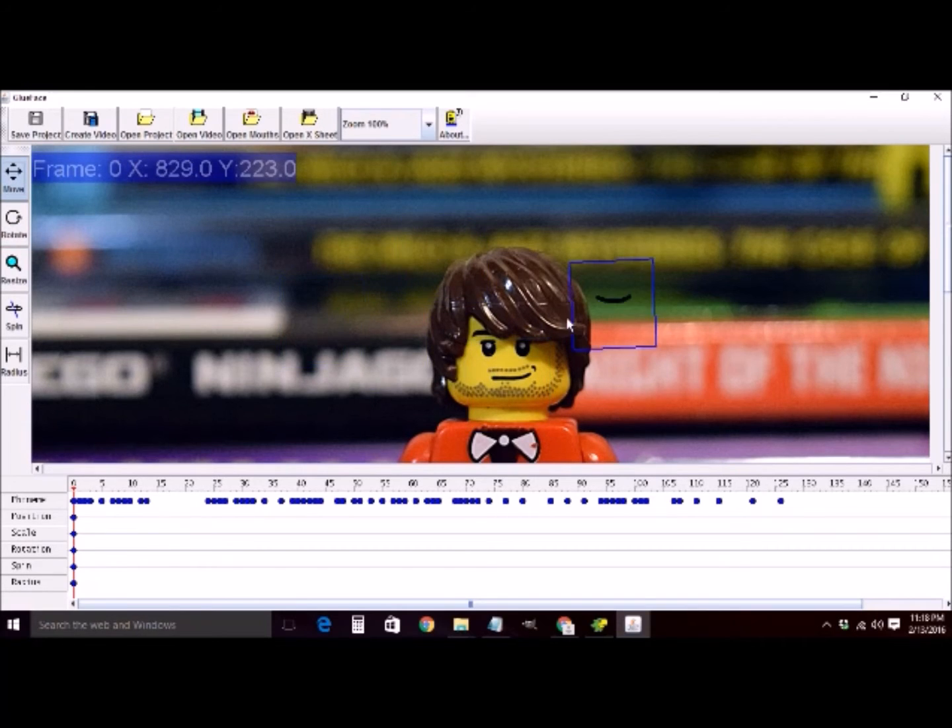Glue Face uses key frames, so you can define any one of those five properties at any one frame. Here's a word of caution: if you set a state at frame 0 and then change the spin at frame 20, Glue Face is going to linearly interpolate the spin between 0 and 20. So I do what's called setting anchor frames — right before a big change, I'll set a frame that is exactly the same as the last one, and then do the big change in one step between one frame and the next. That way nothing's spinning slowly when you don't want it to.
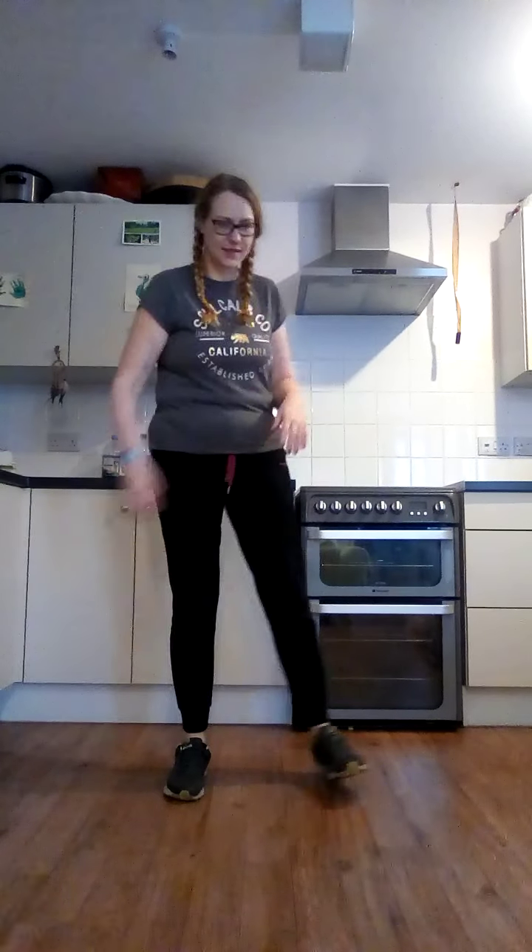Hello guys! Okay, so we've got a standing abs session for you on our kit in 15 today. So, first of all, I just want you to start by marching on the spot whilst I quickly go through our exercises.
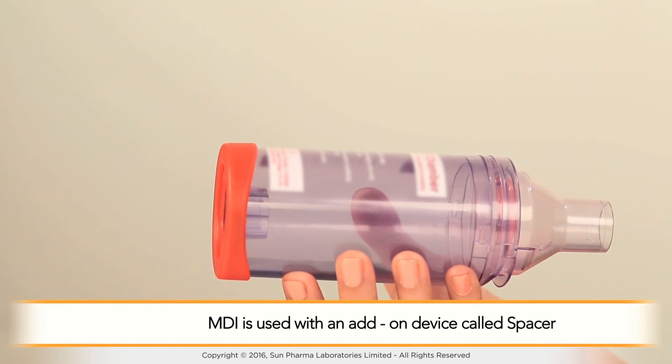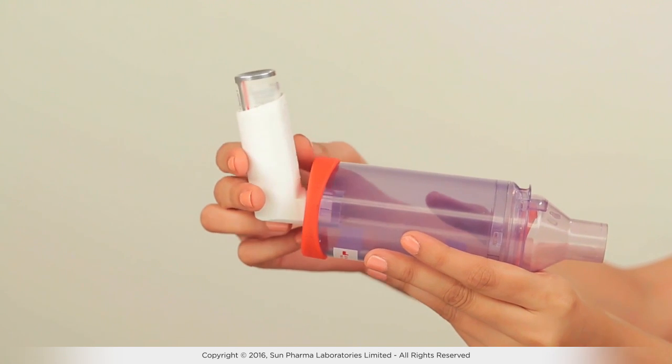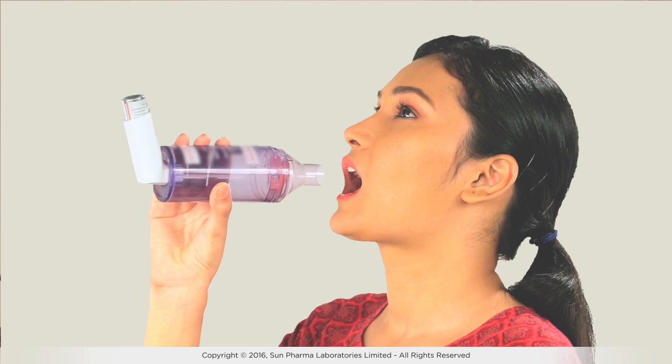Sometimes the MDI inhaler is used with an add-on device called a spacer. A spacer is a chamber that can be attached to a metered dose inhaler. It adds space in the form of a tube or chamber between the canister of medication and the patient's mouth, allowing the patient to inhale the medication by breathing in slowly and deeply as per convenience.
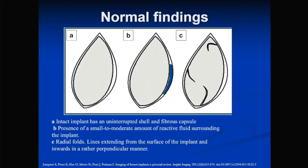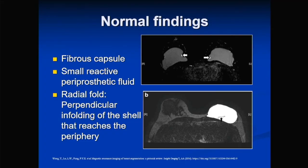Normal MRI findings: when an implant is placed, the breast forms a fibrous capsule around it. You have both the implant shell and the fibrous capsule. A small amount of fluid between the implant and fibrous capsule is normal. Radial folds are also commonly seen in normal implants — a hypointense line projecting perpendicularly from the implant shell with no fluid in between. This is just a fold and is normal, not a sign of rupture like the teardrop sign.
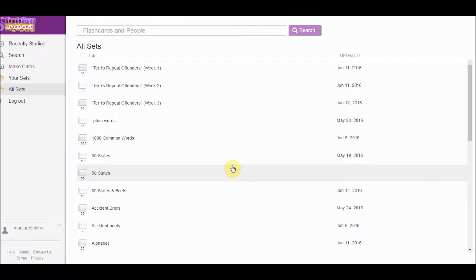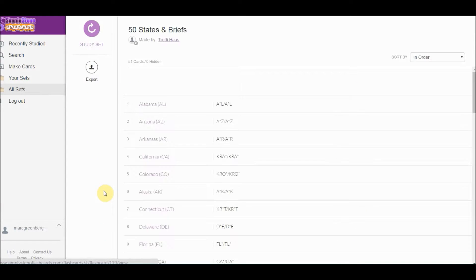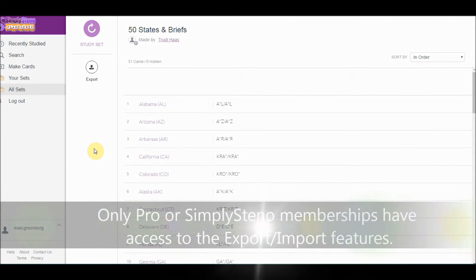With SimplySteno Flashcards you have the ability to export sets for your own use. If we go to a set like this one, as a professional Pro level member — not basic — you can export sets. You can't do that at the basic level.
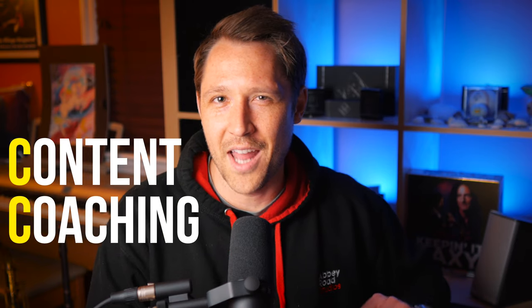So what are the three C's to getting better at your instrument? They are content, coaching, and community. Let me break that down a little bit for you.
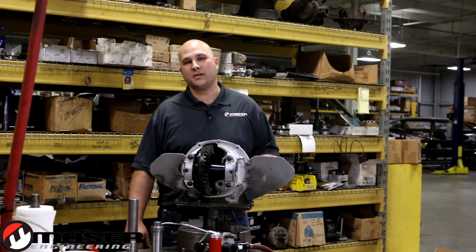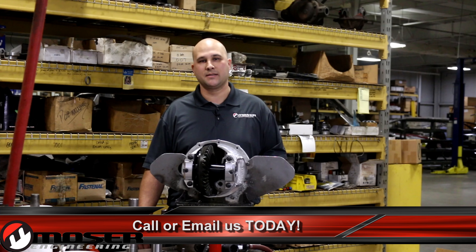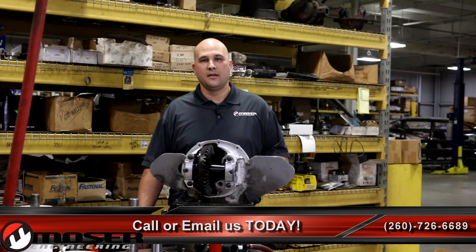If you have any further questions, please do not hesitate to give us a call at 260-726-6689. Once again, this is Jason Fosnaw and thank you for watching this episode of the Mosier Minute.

■ ■ ■ ■ ■ ■ ■

WHAT IS BEING ASKED. I would like you to set down the lines above, from the one containing "Hello guys! Okay, so" to the final line, exactly as written and without pictures.

COMPLETED EXERCISE.
Hello guys! Okay, so we've got a standing abs session for you on our kit in 15 today. So, first of all, I just want you to start by marching on the spot whilst I quickly go through our exercises.
Sometimes the MDI inhaler is used with an add-on device called a spacer. A spacer is a chamber that can be attached to a metered dose inhaler. It adds space in the form of a tube or chamber between the canister of medication and the patient's mouth, allowing the patient to inhale the medication by breathing in slowly and deeply as per convenience.
Normal MRI findings: when an implant is placed, the breast forms a fibrous capsule around it. You have both the implant shell and the fibrous capsule. A small amount of fluid between the implant and fibrous capsule is normal. Radial folds are also commonly seen in normal implants — a hypointense line projecting perpendicularly from the implant shell with no fluid in between. This is just a fold and is normal, not a sign of rupture like the teardrop sign.
With SimplySteno Flashcards you have the ability to export sets for your own use. If we go to a set like this one, as a professional Pro level member — not basic — you can export sets. You can't do that at the basic level.
So what are the three C's to getting better at your instrument? They are content, coaching, and community. Let me break that down a little bit for you.
If you have any further questions, please do not hesitate to give us a call at 260-726-6689. Once again, this is Jason Fosnaw and thank you for watching this episode of the Mosier Minute.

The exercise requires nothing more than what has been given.